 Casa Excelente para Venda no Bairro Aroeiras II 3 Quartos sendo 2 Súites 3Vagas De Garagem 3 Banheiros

---

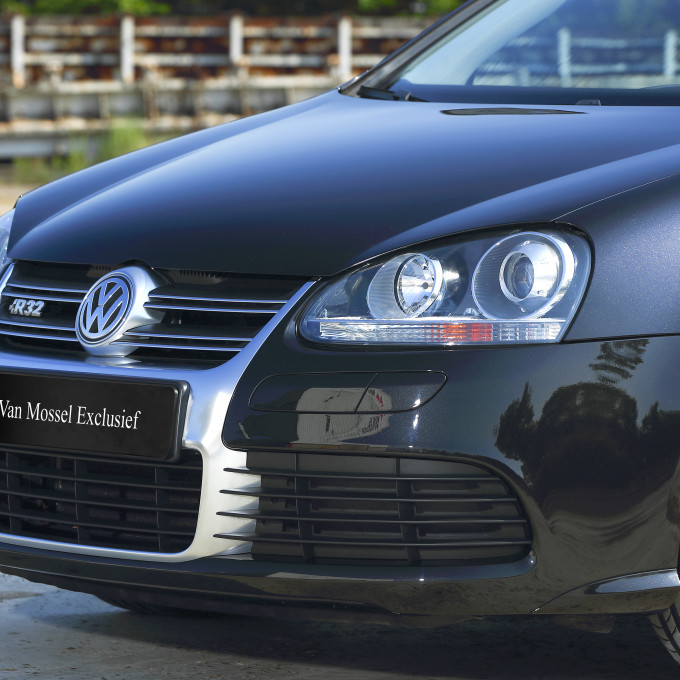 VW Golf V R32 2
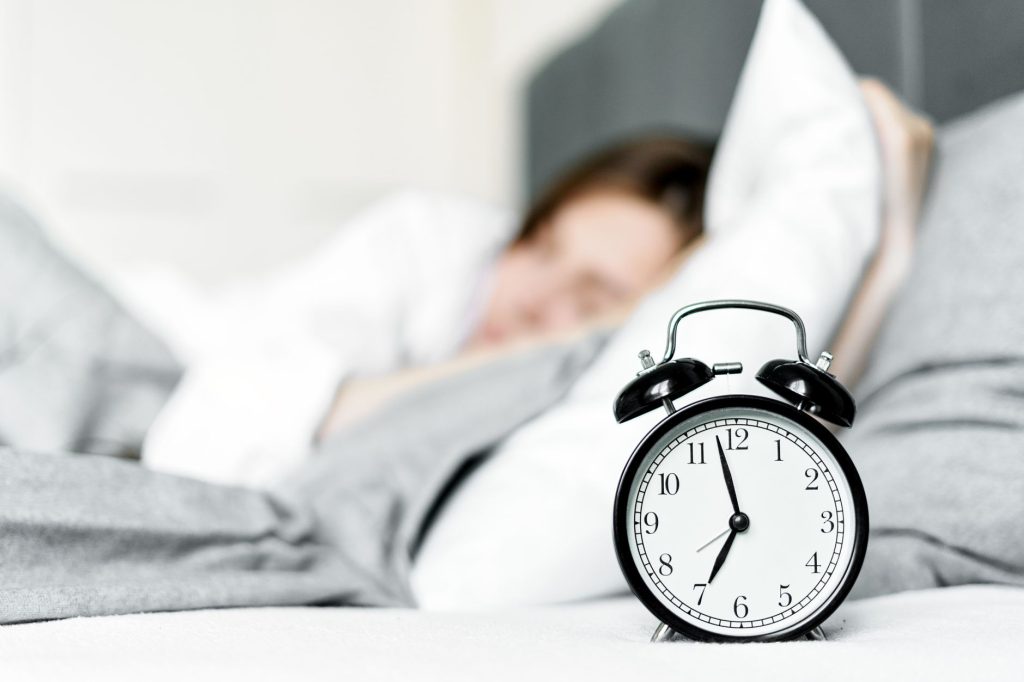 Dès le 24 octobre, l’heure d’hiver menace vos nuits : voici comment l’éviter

* * *

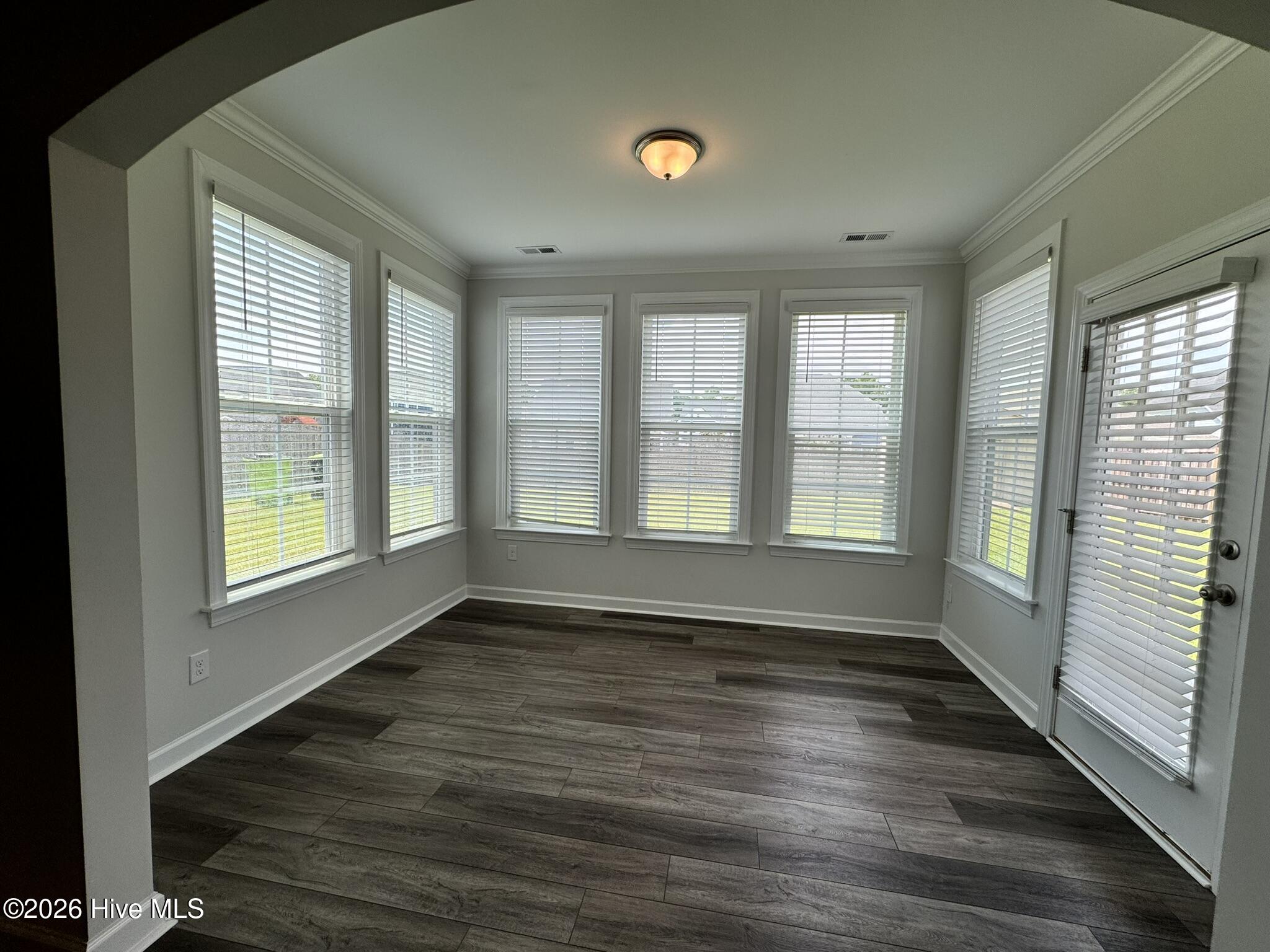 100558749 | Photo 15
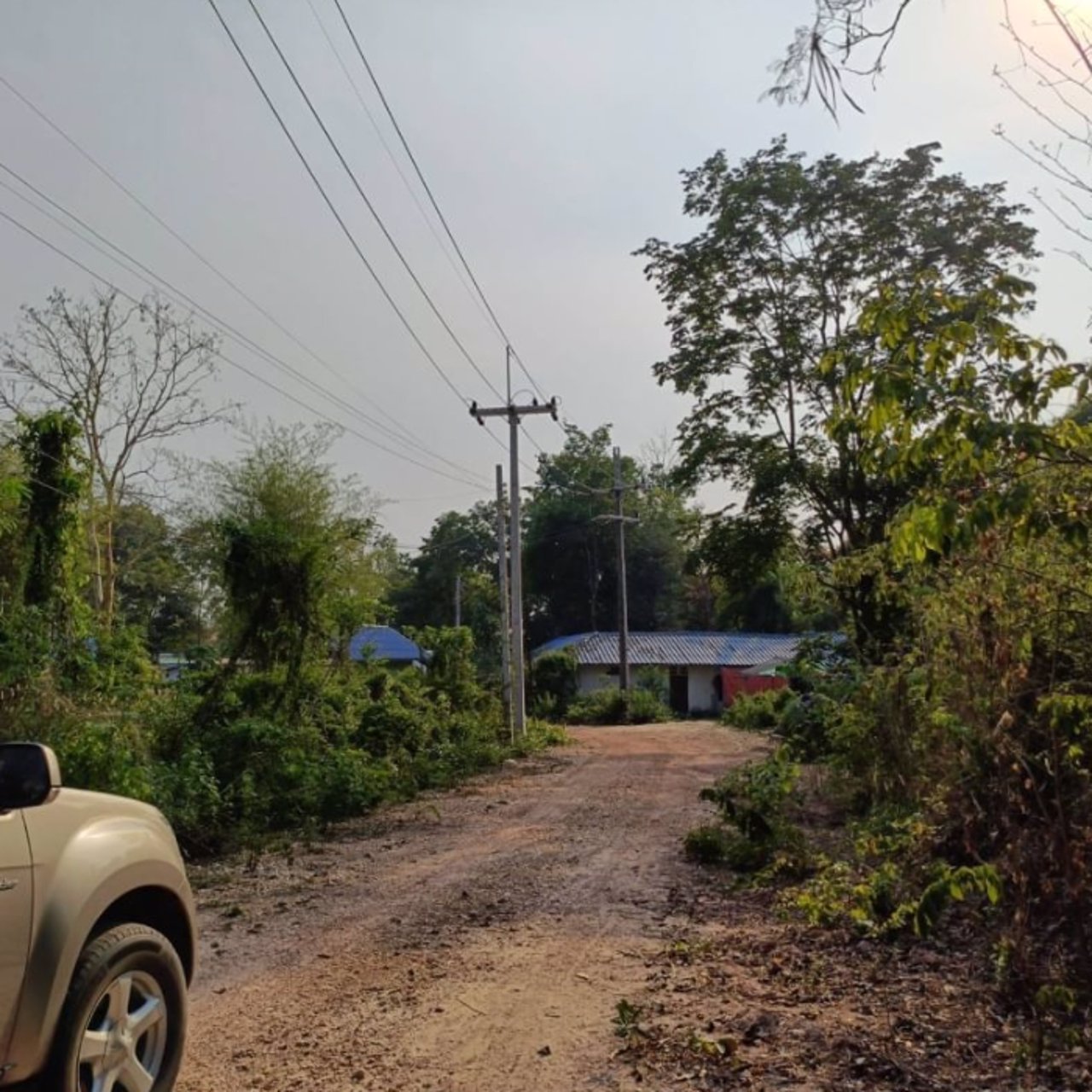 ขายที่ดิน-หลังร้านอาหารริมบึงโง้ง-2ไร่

HOW TO COMPLETE THIS TASK = Precisely those lines above that run from the line with "100558749 | Photo 15" up to and including the line with "ขายที่ดิน-หลังร้านอาหารริมบึงโง้ง-2ไร่" are to be set down, with the pictures omitted.

WORKED SOLUTION =
 100558749 | Photo 15
 ขายที่ดิน-หลังร้านอาหารริมบึงโง้ง-2ไร่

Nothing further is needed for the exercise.